Briana Domjen of The Daily Telegraph cited Xanthe's appearance in a teaser trailer for 2016, prior to her introduction, as an example of how Neighbours had joined other Australian television shows in employing a "sex sells" philosophy. She commented, "The days of woolly jumpers and lingering looks at Lassiter's are clearly over." Network Ten drama executive Claire Tonkin added that viewers were excited about the introduction of characters like Xanthe, as there was "a lot of anticipation" about how they would fit into the cast and whom they would be paired with romantically. Ben Pobjie of The Sydney Morning Herald was critical of Xanthe's name, among others, saying "the writers have moved on away from using real names". He also thought Xanthe, Piper and Paige appeared to be the same person and branded them "hyper-millennials".

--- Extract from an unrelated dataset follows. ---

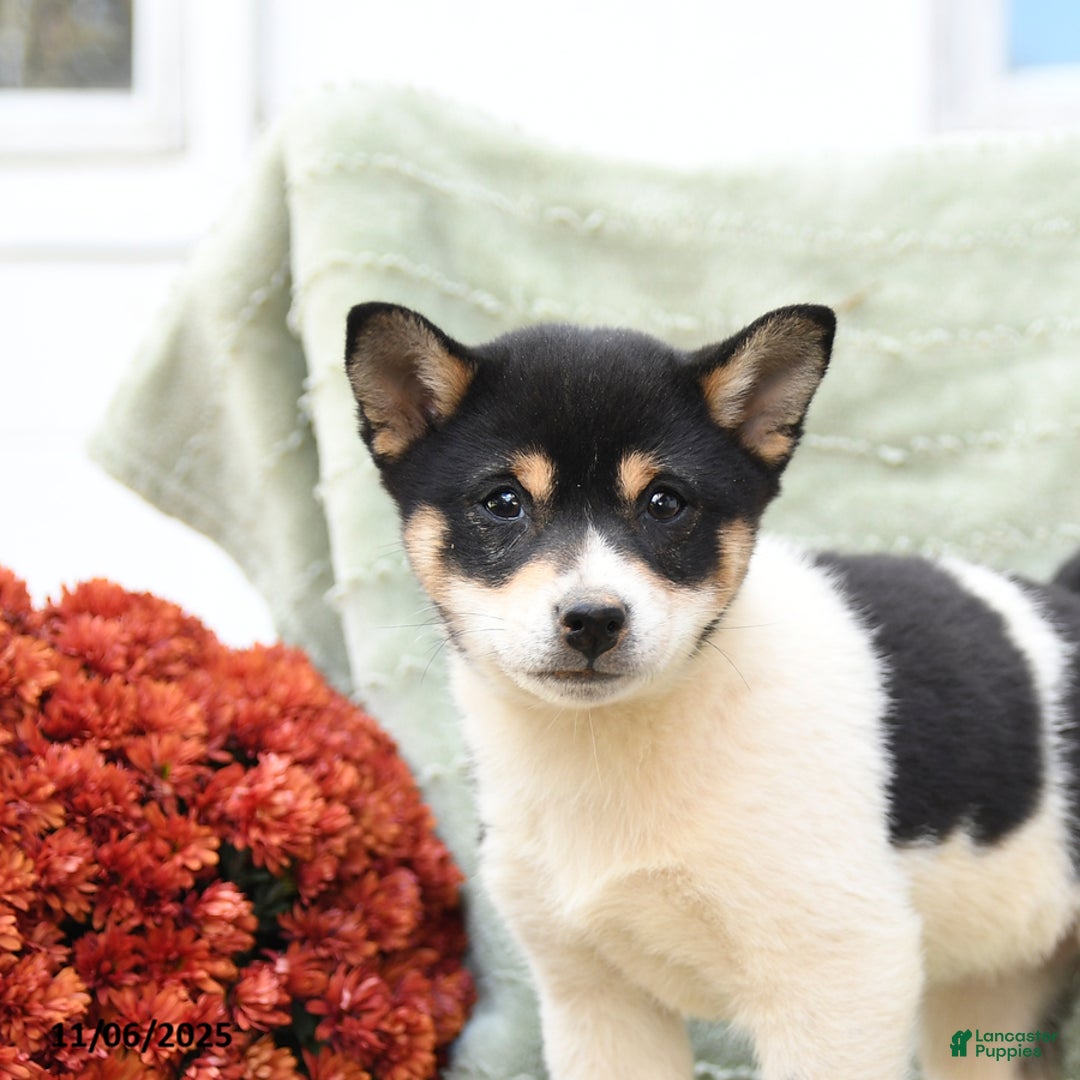 Shiba Inu dogs for sale: Tulip - Ad 5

Shortly after Xanthe's arrival, Sarah Ellis of Inside Soap commented, "I'm sure Sheila will soon whip wayward Xanthe into shape." While another writer for the publication branded the character "troublesome". Of Ben and Xanthe's flirting, Ellis wrote, "'Banthe' needs to happen!" In February 2016, Stephanie Bennett of news.com.au observed "while her character has only been on-air since January, she is already proving to be one of the show's most popular." A Soap World columnist noted that Xanthe made "an immediate impression" and dubbed her a "brazen blonde". A critic for TV Soap called her a "wild child", and Phillip Portman of the Daily Star dubbed her a "bad girl" and "Barbie's Aussie cousin".

At the 2016 Digital Spy Reader Awards, Van der Meer was nominated for the Best Newcomer accolade. Andrew Mercado, writing for MediaWeek also praised Van der Meer, saying she was the show's "find of the year as she showed real comedic flair playing Xanthe." Xanthe was placed at number thirty-two on the Huffpost's "35 greatest Neighbours characters of all time" feature. Journalist Adam Beresford described her as "the standout star among recent Neighbours teens, the wonderfully named Xanthe had a winning combination of charm and comic timing." He added that Xanthe's romance with Ben was "sweet" and Finn's manipulation had viewers "hooked".